When reviewing a new car, it’s the details that make it stand out from the pack. Models are getting good at all-round driving ability. The Focus is no exception.
Apple Car Play should be a standard in all vehicles now and the Focus’ sound is brilliant; I connected in less than eight seconds. Avon City Ford’s Hemi Peek gave me the rundown as always, but it really was me playing around in the car that made it fun.
I ask friends what they think. Charlotte didn’t like the passenger seat flooring but loved the big mirror on the visor; I guess that’s a woman’s prerogative. My son Tom loved the panoramic sunroof as did I. It was a good solid drive at 134kW, and 240Nm made it agile and fast off the mark, plus there was plenty of room inside for real estate gear and family materials.
It has pretty good lines too and tinted glass gave it a sexy look. The heads-up display (HUD) felt like a nice addition but the price was a great one at $41,990 plus ORC. The one thing I loved was economy. You don’t really notice it when you’re driving around, but I took a couple of friends up to play in the snow at Porters Pass and it hardly made a dent in the petrol.
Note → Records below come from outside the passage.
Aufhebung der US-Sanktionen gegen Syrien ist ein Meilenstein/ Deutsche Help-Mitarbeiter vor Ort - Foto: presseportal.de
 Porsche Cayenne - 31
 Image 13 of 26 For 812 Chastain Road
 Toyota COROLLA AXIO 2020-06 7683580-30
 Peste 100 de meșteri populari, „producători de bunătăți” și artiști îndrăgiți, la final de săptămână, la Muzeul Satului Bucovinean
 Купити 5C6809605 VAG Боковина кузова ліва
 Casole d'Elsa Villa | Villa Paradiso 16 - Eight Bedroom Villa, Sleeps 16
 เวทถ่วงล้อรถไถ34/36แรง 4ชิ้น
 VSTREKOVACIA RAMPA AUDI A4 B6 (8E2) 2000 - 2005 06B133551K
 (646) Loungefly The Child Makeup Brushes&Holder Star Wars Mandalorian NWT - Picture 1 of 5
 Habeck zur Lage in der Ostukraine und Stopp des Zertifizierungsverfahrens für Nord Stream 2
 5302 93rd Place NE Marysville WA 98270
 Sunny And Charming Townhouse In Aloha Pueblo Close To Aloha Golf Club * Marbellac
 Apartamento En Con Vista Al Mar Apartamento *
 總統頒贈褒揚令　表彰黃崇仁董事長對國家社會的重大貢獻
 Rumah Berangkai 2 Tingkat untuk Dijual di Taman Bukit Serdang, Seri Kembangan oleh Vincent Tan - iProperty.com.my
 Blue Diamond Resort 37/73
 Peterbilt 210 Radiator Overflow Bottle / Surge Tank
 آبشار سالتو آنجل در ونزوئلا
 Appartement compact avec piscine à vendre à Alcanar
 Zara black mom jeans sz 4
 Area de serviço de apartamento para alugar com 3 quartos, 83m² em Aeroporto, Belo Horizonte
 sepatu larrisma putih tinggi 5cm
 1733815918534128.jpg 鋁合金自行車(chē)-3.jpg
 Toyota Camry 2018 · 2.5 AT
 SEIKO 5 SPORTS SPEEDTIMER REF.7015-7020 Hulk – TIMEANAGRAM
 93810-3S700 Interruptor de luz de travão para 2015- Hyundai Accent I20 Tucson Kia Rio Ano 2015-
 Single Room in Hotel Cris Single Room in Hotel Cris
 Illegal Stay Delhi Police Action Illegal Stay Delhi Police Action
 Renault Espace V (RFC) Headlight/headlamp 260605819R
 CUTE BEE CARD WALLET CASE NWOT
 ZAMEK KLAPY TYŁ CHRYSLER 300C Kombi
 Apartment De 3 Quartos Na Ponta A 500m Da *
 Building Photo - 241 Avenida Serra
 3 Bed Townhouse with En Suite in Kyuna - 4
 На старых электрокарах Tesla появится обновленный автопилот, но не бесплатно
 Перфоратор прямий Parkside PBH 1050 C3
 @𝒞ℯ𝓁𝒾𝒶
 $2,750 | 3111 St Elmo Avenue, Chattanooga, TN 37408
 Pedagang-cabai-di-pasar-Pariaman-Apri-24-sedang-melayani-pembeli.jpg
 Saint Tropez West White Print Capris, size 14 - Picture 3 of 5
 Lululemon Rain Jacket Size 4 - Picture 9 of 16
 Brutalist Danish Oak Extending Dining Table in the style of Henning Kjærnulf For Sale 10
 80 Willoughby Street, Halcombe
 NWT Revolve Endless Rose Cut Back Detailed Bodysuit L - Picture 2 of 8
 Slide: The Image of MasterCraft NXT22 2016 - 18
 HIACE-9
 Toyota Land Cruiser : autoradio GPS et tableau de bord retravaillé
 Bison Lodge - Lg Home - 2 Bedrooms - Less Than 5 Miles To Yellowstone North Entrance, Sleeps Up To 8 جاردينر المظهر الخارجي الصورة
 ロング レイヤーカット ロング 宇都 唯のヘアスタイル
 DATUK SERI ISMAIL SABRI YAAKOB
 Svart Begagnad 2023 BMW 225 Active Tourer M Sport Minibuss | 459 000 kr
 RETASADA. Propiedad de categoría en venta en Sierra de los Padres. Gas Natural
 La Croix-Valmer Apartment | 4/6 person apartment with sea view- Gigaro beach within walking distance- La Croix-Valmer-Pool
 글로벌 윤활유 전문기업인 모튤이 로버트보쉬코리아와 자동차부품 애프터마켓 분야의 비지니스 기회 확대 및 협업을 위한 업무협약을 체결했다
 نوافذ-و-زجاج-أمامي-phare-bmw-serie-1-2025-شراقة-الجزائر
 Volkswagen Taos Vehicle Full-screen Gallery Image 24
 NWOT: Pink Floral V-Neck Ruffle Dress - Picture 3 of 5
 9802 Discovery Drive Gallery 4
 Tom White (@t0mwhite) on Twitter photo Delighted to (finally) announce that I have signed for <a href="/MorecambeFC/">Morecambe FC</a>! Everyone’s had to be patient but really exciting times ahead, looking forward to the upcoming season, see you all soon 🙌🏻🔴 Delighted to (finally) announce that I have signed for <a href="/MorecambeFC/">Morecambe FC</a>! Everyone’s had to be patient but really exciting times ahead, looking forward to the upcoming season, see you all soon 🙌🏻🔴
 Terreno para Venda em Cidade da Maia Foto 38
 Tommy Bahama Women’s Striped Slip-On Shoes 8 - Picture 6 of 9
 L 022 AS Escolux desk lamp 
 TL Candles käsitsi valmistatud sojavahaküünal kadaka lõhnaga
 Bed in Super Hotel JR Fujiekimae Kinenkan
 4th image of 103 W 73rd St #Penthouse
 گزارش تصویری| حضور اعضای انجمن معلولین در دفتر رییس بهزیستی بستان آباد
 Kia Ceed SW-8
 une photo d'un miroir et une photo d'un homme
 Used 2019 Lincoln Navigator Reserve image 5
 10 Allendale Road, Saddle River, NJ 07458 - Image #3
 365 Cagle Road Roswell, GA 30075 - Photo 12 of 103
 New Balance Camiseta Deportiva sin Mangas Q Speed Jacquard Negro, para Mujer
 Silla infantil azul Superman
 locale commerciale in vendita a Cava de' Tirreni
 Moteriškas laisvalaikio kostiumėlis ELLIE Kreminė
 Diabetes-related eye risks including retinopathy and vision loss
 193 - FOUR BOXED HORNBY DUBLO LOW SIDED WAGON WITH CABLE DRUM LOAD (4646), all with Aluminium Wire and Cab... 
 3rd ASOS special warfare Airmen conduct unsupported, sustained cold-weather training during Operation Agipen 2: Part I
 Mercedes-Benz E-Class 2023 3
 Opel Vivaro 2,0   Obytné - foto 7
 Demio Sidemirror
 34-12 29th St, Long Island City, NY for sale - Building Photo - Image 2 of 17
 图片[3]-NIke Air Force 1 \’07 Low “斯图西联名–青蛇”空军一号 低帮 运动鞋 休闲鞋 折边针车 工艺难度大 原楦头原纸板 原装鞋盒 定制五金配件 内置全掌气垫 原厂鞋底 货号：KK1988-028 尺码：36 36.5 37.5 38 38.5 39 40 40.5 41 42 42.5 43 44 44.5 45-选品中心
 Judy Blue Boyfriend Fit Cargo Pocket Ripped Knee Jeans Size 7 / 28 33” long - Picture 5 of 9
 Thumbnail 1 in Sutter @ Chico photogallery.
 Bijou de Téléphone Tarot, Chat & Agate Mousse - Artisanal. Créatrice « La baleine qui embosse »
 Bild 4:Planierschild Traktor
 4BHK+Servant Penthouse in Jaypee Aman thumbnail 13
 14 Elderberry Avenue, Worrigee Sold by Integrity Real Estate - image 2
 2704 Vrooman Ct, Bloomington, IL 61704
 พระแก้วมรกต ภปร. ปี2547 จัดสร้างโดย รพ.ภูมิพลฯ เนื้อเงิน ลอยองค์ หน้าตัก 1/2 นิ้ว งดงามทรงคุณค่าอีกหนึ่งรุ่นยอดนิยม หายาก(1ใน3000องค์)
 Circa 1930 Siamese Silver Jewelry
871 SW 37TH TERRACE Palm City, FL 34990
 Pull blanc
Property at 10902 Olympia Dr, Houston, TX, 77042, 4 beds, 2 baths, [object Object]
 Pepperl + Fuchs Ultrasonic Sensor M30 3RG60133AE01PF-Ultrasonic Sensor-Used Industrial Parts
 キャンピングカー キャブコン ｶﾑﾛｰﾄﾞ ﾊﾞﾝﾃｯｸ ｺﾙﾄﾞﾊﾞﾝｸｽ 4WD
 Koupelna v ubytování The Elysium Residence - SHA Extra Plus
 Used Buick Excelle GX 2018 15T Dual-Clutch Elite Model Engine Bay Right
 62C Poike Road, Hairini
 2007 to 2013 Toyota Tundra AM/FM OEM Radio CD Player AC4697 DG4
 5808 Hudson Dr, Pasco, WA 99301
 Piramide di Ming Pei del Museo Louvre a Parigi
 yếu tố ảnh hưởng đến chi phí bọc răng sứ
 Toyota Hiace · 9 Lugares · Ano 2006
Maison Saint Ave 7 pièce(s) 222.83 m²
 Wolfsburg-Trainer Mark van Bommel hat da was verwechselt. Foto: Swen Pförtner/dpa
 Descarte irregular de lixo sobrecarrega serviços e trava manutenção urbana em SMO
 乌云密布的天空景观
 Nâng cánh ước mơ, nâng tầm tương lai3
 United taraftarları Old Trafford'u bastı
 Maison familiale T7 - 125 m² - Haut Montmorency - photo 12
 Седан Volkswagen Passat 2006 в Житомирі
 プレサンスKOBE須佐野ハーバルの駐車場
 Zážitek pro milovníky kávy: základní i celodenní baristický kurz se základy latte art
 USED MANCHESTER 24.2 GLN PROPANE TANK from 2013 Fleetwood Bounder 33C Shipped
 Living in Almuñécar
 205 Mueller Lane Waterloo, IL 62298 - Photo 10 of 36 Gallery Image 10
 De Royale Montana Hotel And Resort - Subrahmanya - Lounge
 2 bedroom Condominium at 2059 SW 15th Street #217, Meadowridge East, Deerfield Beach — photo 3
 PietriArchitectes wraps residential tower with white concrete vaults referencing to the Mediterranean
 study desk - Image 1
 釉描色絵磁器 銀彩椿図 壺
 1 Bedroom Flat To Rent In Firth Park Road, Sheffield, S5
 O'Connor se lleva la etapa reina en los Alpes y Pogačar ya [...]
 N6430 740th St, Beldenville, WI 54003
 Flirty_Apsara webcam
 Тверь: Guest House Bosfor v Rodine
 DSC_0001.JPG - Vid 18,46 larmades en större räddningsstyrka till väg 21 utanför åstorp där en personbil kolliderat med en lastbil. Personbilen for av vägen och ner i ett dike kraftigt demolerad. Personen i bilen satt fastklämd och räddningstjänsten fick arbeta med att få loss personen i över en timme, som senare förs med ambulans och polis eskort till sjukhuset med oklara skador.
Add the fact that despite a boot full of food and sleds we were still all comfortable and it just goes to show what a great little runner it is.
So, overall impression of the Ford Focus? A bloody good car.
I asked Hemi Peek at Avon City Ford what he thought were the three top features of the Ford Endura Titanium; “A solid drive with a luxurious cabin, hands-free automatic power tailgate opening and easy interactive display”.
Well he wasn’t wrong. The 2-litre turbo diesel is also packing some punch in acceleration; with 140kW and 400Nm torque, it’s good off the mark. There’s plenty of room in the back and, coming in at $69,900 plus ORC, it’s competitive for like-minded models on the market.
I drove the hell out of it and hardly touched the full tank in a week. I did struggle with the dial gear change at first but soon got used to it. Its simple but elegant interior was a pleasure to sit in, as were its luxurious seats. I guess the catch phrase of ‘Affordable Luxury Awaits’ really says it all. It “feels” good; two-tonne towing capacity and a five-year unlimited kilometre warranty are added bonuses.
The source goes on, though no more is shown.